I am not familiar with black-Sholes equation
In mathematical finance, the Black–Scholes equation is a partial differential equation (PDE) governing the price evolution of a European call or European put under the Black–Scholes model. Broadly speaking, the term may refer to a similar PDE that can be derived for a variety of options, or more generally, derivatives. For a European call or put on an underlying stock paying no dividends, the equation is: ∂V/∂t+1/2σ²S²∂²V/∂S²+rS∂V/∂S-rV=0 where V is the price of the option as a function of stock price S and time t, r is the risk-free interest rate, and σ is the volatility of the stock.
Without resorting to looking up Black-Scholes Equation, which I am unfamiliar with, I emphatically agree.
Yes although I don't understand most of these...
Posted by glennlabIn case there was ever any doubt
Posted by KilltheskyfairyStill more bear…
Posted by KilltheskyfairyStill more bear…
Posted by KilltheskyfairyStill more bear…
Posted by KilltheskyfairyStill more bear…
Posted by KilltheskyfairyStill more bear…
Posted by KilltheskyfairyStill more bear…
Posted by KilltheskyfairyStill more bear…
Posted by KilltheskyfairyStill more bear…
Posted by KilltheskyfairyI don’t understand why it hasn’t happened…
Posted by KilltheskyfairyI don’t understand why it hasn’t happened…
Posted by KilltheskyfairyI don’t understand why it hasn’t happened…
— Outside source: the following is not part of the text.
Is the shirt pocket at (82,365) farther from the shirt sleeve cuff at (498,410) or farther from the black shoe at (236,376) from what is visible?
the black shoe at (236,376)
Posted by KilltheskyfairyI don’t understand why it hasn’t happened…
Posted by KilltheskyfairyI don’t understand why it hasn’t happened…
Posted by KilltheskyfairyA few things that people (fellas) seem to not understand about the bear vs man thing: The scenario is, a woman is walking through the woods hiking alone.
Posted by KilltheskyfairyA few things that people (fellas) seem to not understand about the bear vs man thing: The scenario is, a woman is walking through the woods hiking alone.